Seiichi Hayashi might be one of the most famous manga artists you’ve never heard of.
Not only was he a prominent member of the avant-garde art movements of the 1960s and 1970s, but Hayashi also made “geki-ga,” comics that rebelled against kid-friendly manga. Red Colored Elegy, one of his most influential works, got a release from Drawn & Quarterly years ago and now it’s back in print along with an extended essay by art history professor Ryan Holmberg.
Ichiro and Sachiko are young lovers shacked up in a cheap Tokyo apartment in the 1960s. Both of them work in the grind that is the animation industry, with Ichiro drawing key frames and Sachiko tracing frames onto cels.
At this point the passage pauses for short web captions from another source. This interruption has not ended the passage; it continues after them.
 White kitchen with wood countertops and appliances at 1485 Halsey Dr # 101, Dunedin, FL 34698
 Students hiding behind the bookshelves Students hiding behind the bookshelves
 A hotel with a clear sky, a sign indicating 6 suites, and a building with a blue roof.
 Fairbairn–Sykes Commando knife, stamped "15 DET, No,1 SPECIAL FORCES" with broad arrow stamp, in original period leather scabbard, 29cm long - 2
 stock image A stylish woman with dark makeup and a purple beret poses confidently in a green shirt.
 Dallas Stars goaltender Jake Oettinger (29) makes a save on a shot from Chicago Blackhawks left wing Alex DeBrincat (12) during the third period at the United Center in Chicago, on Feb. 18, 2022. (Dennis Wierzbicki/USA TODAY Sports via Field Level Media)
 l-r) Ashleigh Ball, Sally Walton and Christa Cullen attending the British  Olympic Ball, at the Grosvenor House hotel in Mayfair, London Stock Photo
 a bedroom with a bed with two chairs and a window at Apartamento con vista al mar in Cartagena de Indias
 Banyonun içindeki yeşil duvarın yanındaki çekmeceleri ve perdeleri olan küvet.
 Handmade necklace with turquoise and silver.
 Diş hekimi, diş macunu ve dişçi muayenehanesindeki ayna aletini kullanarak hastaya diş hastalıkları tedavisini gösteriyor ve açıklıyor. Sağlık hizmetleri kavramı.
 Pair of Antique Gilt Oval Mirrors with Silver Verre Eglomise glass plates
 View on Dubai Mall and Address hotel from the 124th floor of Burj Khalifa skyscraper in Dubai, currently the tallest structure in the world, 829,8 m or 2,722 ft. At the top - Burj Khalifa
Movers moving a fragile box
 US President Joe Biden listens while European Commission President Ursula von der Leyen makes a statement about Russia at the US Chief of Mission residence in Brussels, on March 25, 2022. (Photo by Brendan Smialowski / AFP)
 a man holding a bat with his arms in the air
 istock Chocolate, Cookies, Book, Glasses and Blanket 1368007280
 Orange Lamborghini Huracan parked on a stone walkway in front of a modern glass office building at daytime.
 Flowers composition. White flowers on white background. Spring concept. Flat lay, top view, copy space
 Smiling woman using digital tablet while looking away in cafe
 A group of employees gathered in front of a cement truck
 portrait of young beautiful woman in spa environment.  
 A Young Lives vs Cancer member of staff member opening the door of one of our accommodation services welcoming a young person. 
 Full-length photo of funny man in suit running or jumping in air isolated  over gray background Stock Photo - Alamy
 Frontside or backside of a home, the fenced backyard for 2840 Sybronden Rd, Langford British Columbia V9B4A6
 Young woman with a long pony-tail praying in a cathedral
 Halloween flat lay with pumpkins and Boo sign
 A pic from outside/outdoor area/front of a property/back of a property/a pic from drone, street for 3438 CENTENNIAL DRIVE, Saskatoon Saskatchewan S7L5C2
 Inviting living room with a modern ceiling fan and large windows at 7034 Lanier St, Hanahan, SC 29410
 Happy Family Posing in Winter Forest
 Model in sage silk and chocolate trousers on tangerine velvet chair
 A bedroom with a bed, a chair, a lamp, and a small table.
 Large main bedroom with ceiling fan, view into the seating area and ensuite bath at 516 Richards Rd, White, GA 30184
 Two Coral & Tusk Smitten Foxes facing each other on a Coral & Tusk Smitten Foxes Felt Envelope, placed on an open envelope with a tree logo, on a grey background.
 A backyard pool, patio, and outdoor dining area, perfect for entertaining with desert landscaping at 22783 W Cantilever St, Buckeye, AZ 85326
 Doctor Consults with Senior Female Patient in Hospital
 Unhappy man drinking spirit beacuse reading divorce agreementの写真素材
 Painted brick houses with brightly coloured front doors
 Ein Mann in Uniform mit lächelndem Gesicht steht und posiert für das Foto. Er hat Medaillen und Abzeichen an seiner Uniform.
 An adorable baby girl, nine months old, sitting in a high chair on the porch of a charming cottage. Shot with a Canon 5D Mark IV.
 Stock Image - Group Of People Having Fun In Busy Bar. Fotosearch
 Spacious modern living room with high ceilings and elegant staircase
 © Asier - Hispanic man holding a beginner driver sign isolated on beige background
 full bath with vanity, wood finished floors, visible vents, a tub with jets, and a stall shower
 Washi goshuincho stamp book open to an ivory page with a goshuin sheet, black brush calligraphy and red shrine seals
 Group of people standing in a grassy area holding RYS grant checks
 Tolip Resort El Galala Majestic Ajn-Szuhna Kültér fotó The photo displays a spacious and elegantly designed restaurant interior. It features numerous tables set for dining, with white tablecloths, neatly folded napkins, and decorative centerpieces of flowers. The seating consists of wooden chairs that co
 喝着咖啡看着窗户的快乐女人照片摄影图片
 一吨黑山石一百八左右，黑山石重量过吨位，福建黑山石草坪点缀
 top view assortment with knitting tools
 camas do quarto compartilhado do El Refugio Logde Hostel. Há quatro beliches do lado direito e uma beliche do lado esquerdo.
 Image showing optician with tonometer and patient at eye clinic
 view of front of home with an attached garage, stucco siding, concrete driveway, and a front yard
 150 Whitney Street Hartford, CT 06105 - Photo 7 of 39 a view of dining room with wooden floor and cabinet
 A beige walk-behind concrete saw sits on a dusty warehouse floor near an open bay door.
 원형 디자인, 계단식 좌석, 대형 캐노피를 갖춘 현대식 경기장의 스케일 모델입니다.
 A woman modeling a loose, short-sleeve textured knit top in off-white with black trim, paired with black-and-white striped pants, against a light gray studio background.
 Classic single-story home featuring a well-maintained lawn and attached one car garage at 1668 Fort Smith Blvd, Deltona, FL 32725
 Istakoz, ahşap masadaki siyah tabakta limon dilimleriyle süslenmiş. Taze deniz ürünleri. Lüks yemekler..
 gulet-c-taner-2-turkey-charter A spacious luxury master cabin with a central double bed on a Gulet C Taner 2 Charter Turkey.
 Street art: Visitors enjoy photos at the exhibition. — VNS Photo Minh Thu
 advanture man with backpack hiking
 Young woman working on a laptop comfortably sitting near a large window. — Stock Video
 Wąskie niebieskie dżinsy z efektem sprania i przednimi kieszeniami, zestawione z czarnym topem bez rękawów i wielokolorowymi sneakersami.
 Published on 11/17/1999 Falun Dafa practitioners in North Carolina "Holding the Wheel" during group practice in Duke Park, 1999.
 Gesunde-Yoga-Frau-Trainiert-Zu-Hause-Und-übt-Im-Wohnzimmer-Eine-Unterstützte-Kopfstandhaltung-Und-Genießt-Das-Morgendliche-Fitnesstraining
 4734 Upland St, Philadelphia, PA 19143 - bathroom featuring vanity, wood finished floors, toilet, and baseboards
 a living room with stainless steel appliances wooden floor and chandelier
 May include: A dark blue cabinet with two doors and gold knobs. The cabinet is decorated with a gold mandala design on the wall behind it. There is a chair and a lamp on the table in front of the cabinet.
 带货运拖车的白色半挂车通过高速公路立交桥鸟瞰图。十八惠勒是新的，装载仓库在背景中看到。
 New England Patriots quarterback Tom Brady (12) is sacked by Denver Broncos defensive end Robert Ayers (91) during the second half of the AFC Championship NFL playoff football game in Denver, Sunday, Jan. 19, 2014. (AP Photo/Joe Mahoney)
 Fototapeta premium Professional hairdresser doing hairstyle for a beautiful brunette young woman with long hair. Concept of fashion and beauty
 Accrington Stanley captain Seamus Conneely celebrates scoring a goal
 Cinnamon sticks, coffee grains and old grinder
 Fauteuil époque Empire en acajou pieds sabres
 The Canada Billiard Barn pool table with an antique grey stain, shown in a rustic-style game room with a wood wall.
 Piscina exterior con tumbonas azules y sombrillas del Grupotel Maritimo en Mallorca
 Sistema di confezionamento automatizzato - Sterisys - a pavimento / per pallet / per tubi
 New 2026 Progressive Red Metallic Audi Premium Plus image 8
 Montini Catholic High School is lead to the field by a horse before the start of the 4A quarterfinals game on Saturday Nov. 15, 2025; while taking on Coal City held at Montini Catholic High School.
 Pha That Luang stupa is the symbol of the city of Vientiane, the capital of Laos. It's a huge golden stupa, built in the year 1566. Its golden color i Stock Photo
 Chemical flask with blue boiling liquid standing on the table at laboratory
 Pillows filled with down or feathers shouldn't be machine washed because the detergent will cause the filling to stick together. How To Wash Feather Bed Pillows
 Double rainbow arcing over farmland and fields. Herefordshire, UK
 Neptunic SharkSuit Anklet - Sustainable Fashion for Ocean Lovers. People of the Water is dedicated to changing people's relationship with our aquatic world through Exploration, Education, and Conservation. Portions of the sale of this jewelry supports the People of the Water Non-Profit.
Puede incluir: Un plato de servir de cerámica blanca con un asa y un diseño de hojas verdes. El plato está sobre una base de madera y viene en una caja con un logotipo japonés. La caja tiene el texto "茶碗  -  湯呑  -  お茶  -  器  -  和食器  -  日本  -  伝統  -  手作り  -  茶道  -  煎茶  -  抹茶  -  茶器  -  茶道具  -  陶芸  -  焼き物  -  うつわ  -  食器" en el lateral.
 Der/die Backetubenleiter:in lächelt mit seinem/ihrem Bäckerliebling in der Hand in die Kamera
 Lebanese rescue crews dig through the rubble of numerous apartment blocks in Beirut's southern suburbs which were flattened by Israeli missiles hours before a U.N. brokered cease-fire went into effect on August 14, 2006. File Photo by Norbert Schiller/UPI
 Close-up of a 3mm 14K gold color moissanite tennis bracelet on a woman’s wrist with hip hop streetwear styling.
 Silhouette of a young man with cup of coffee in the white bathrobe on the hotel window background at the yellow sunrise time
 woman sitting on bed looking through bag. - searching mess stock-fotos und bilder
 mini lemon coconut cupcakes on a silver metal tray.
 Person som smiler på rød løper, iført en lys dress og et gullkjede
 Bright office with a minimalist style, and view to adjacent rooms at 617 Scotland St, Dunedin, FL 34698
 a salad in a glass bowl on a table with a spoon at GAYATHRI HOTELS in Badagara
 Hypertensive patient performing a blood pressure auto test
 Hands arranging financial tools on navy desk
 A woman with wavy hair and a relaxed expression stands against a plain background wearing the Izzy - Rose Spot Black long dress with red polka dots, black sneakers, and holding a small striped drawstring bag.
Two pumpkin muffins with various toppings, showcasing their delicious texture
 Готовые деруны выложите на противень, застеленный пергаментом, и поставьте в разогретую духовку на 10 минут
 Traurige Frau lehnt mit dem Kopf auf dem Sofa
Through a series of disjointed interactions, Hayashi depicts the slow breakdown of their relationship as a result of the pressures of work, family, and Ichiro’s inattention. But to call Red Colored Elegy a simple romantic drama is to sell Hayashi short.
Inspired by New Wave films, animation, and pop music, Hayashi stitches together a story from mismatched parts, and the result is unlike most manga I’ve ever read. Character models shift to match the mood of the scene—sometimes flattened into nearly geometric shapes, sometimes detailed in sketchy line art, sometimes depicted as a body with no face. The staccato dialogue, pregnant with words unsaid, periodically gives way to two-page illustrations of background details—waves on a beach, a fly landing on a lamp overhead. Then there’s the direct references to films, songs, and other comics, likely well understood by Hayashi’s contemporary Japanese audience but lost on Westerners discovering his work years later.
Make no mistake, this is an obtuse comic, one that begs for multiple readings to let it all sink in. But even a quick read gives a sense that beneath its abstract, postmodern noise lies a lyrical quality that even the most expertly drawn mainstream manga lacks. Often avant-garde art is easier to appreciate than to enjoy, but even when I didn’t totally “get” Red Colored Elegy, I enjoyed letting Hayashi’s raw emotional energy carry me along.
Unfortunately D&Q has flipped the manga in a misguided attempt to cater to American readers, distorting Hayashi’s original artistic intentions. The mistake is almost made up for by the inclusion of Holmberg’s superb essay, which provides crucial context and analysis regarding Red Colored Elegy’s themes, artwork, and place in the history of Japanese pop culture.
Red Colored Elegy isn’t for everyone, but if you’re interested in exposing yourself to a different perspective on what manga is capable of, or you’re curious about the art and counterculture of 1970s Japan, you can’t do much better than this book. Recommended.